Это действительно так. Но все же стоит заметить, что способность любого человека к самостоятельному поиску или, как минимум, к адекватному восприятию нестандартных решений, постепенно формирующих новый облик культуры, начинает воспитываться в нем отнюдь не с вхождением в тот или иной профессиональный цех, но, как кажется, уже с самых первых дней после его появления на свет. А это значит, что далеко не последнюю роль здесь играет общение с тем вещным миром, который достается ему в удел уже при его рождении. Именно это вещное окружение обеспечивает действительное вхождение человека и в уже сложившуюся систему общественных отношений (включая все основные измерения духовной и материальной культуры), и в мир опережающих сегодняшний день культурных (технических и гуманитарных) ценностей. Все то, что потом проявится в его сугубо профессиональной деятельности, уходит своими корнями именно в это начинающееся с самых первых дней его существования в этом мире общение.

Трудно сказать, как именно появляются творчески одаренные люди. Но заметим: в теории развития общества недопустимо оперировать измерением отдельно взятого индивида, словом, замыкаться в рамках так называемой социальной "робинзонзонады". Ни один общественный закон не применим к индивиду, практически все они носят лишь статистический характер. Если же принимать во внимание большие статистические массивы, то, наверное, можно утверждать, что включение каких-то таинственных механизмов формирования склонных к творчеству людей происходит благодаря постоянному появлению в каждой группе потребительных стоимостей, призванных удовлетворять ту или иную потребность, особой, престижной группы товаров, которые воплощают собой авангардные тенденции в развитии многих сфер общественной жизни. Говоря иными словами, товаров, воплощающих в себе самые передовые виды общественно необходимого труда. Во многом именно существование таких престижных товарных групп, которые опережают сложившиеся стандарты сегодняшнего дня, способствует формированию у статистических контингентов и способности к восприятию нового, и объективной потребности в нем.

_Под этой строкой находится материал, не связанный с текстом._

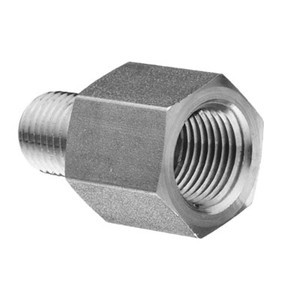 1/8 in. Male x 1/4 in. Female - NPT Threaded - Reducing Adapter - 316 Stainless Steel High Pressure Instrumentation Pipe Fitting (PSIG=6,300)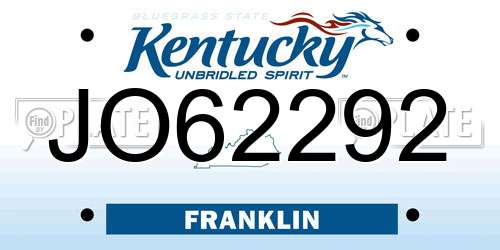 JO62292 Kentucky License Plate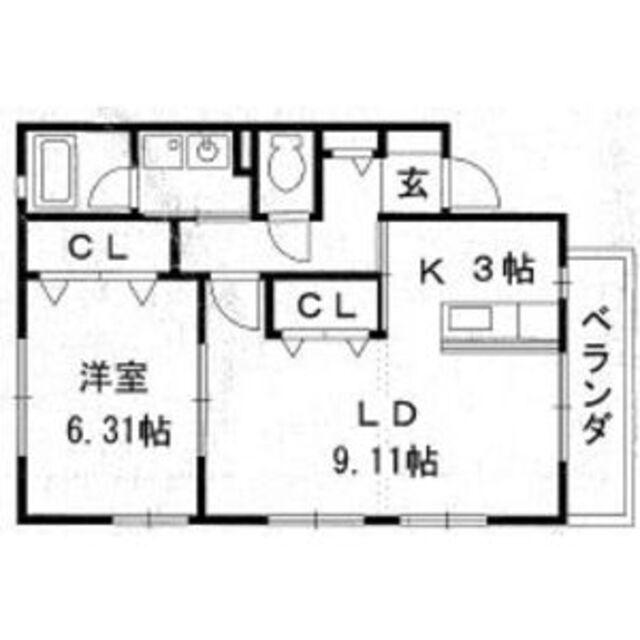 グレイスライフ高畑(1LDK/1階)の間取り写真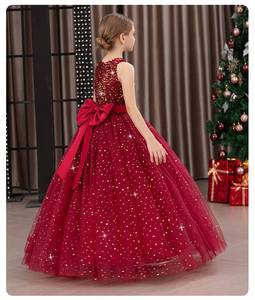 Robe de bal en tulle à paillettes pour filles, nouvelle conception personnalisée MS, avec ceinture en satin, pour concours de beauté, mariages et événements formels - Product Image 5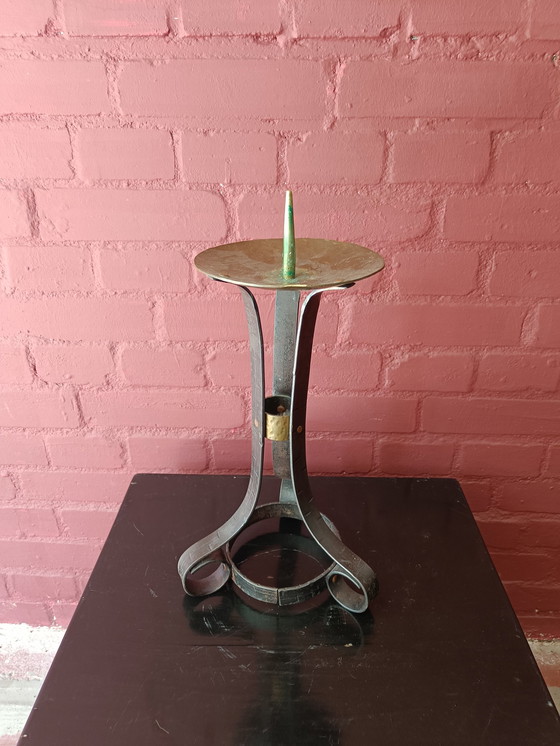 Image 1 of Vintage brutalist metalen kandelaar
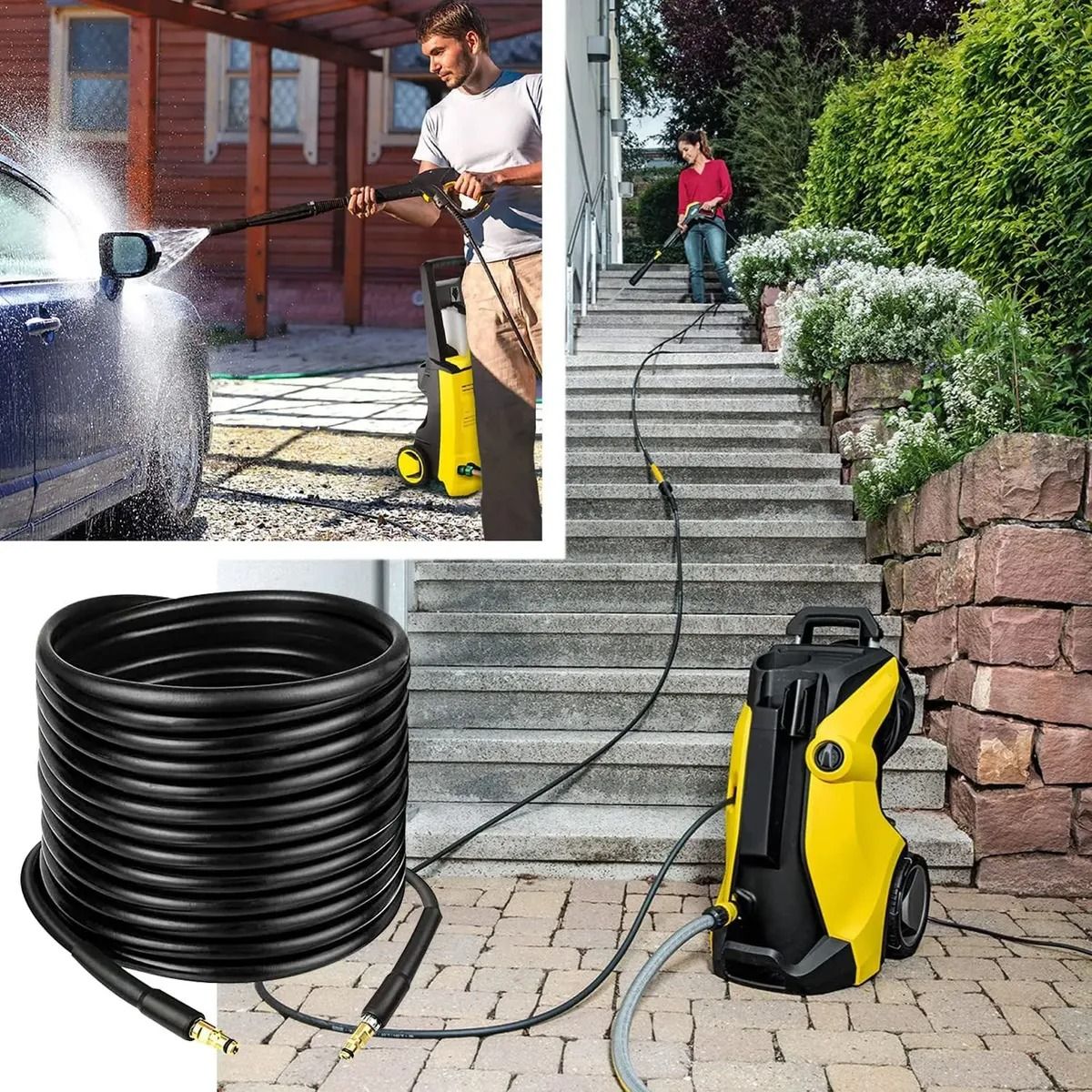 GENERICO - 15m Tubo De Manguera Lavado Alta Presión Para Karcher K2-k7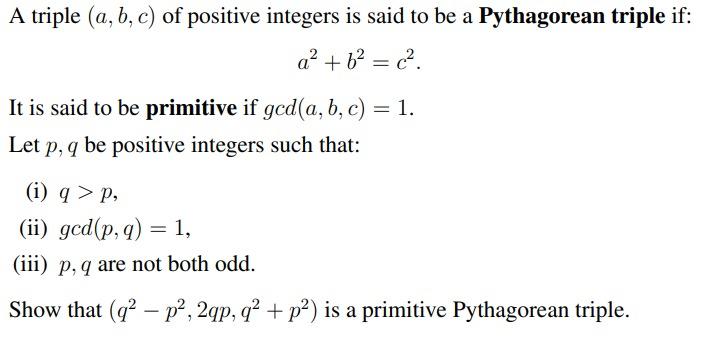 Solved = A Triple (a,b,c) Of Positive Integers Is Said To Be | Chegg.com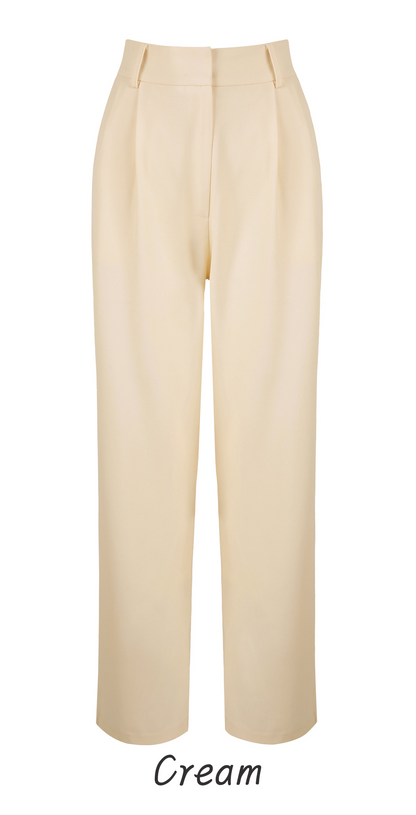 Tailored Semi-Wide Trousers with Elegant Pintuck Detail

Но дело не только в том, что потребительные стоимости, аккумулирующие в себе самые передовые виды общественно необходимого труда сами по себе способны вводить индивида в мир более высокой материальной культуры, они к тому же обладают еще и совершенно особой социальной знаковостью.

Строго говоря, социальной знаковостью обладает без исключения каждый предмет потребления. Но роль той знакообразующей функции, которую он выполняет, не сводится к одному только указанию на место его обладателя в общей социальной иерархии. Проще говоря, дело не сводится только к тому, что дурное платье свидетельствует о принадлежности к социальным низам, а хороший покрой – о принадлежности к общественной элите. Не менее, а может быть и более существенным является то обстоятельство, что знакообразующие формы любого предмета потребления являются традиционным принятым в социально дифференцированном обществе индикатором той степени условного "кредита", который может быть предоставлен его обладателю со стороны всех элементов национальной инфраструктуры воспроизводства.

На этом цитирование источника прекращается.